The process of detainment was harrowing for Gonzalez-Miranda, as he said he struggled with many emotions during that time. 

“It was depressing and frustrating to be under those circumstances,” Gonzalez-Miranda said. “Especially when three individuals come in with guns in their hands and tell you ‘hey you’re being arrested for something that happened many years ago and you are under ICE custody.’ At that moment, my life stopped.”

Despite the emotions, Gonzalez-Miranda said he tried his best to accept the situation for what it was and take it in stride. 

“Life on the inside really just depends on you and how you take it,” he said. 

While at the Yuba County Jail, Gonzalez-Miranda said he met many interesting people. But he also realized that forming relationships with other detainees was difficult because of the rate at which they would move in and out of the jail. 

“Any space where you’re with people for a long period of time allows for bonding, it reminded me of elementary school,” Gozalez-Miranda said. “You can see people connecting in a profound way, and then the next day, they leave. And then everything resets like nothing happened.”

PRIDE Program Specialist at ARC Alejandra Garcia has known Gonzalez-Miranda for a few years, and visited Gonzalez-Miranda while he was in detainment. Garcia said that the experience of visiting their friend at the Yuba County Jail was a shocking one.

“You walk in and you see all the other families, families of color, waiting to see their loved ones,” Garcia said. “When I went to see Miguel, he had to sit behind a window. I couldn’t even shake his hand or give him a hug.”

Garcia said that they could feel dreadful energy by just walking in the detention center.

“The energy that you could feel in that place, the pain, the sorrow, it was very strong,” Garcia said. “[These are people] who are doing a very human thing: migrating.”

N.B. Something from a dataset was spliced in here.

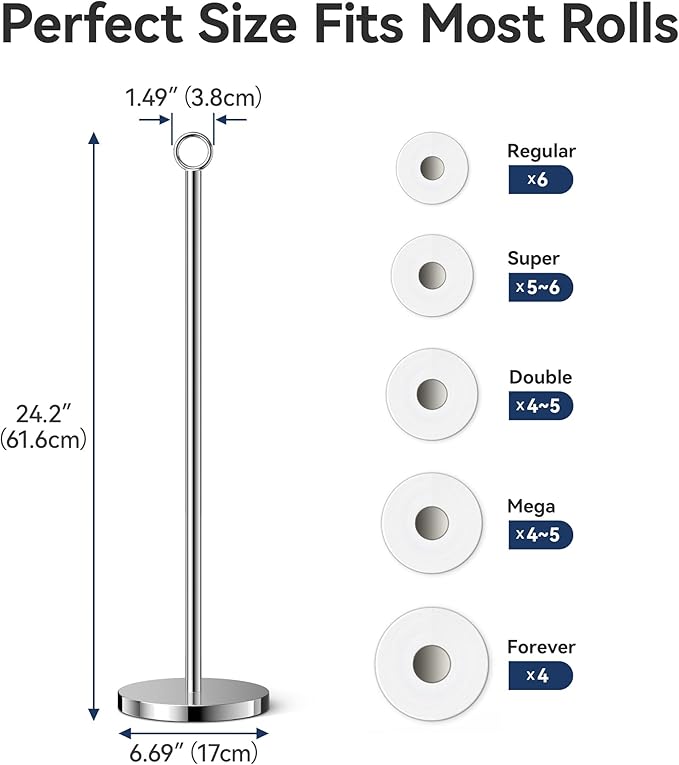 Toilet Paper Holder Stand(with Reserve Function), Free-Standing Spare Rolls Storage Holder, Stainless Steel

Garcia said they believe that the way immigrants are being treated today is a contradiction to what this country was built on. 

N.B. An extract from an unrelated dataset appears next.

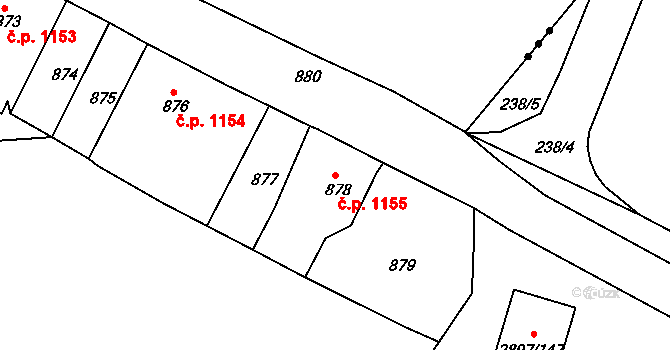 Duchcov 1155 na parcele st. 878 v KÚ Duchcov, Katastrální mapa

“When you think about the things that immigrants go through today, how people are rounded up and torn away from their families, it just seems to counter to the narrative that [the United States] is supposed to be a place made up of people who have migrated from all over the planet,” Garcia said. 

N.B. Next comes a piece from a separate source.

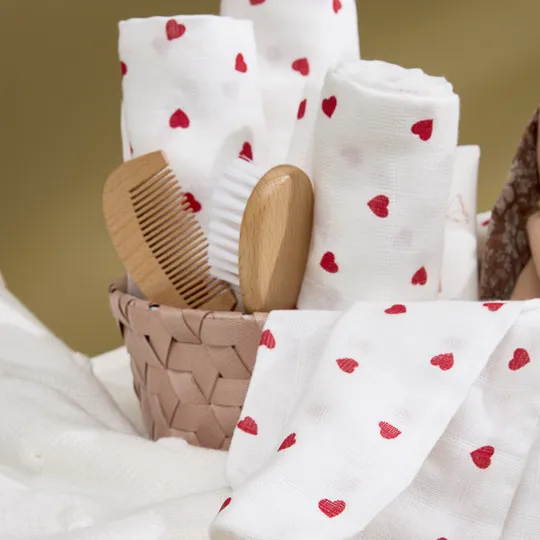 Meyco Baby Sweet Heart Hydrofiele Tücher - 70 x 70 cm - 3-Pack - Rot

But while Garcia could see the pain in their friend’s eyes when seeing him behind the glass and talking to him through the phone, Gonzalez-Miranda has managed to make the best of such a traumatic experience. He said he used his time at Yuba County Jail as inspiration for his future artwork.

“Just being [at the detention center] allows for a little introspection, time to reflect on yourself, etc.,” Gonzalez-Miranda said. “It’s not something that I would have liked to have been a part of, but in some ways it served a purpose and allowed a space for reflection and give me a chance to work on things that I wouldn’t have been able to do. That aspect created a lot of ideas.”

Garcia and Gonzalez-Miranda have both been active with extracurricular activities on campus and have known each other for a few years. Garcia said the way Gonzalez-Miranda used his time at Yuba County to inspire his art and himself accurately represents the person that they have known for all those years.

“When I went visited him and made eye contact with him for the first time, he smiled and waved,” Garcia said. “His energy was still the same Miguel that I’ve always known and I feel like that’s very much a testament to the resiliency and the power of his spirit.”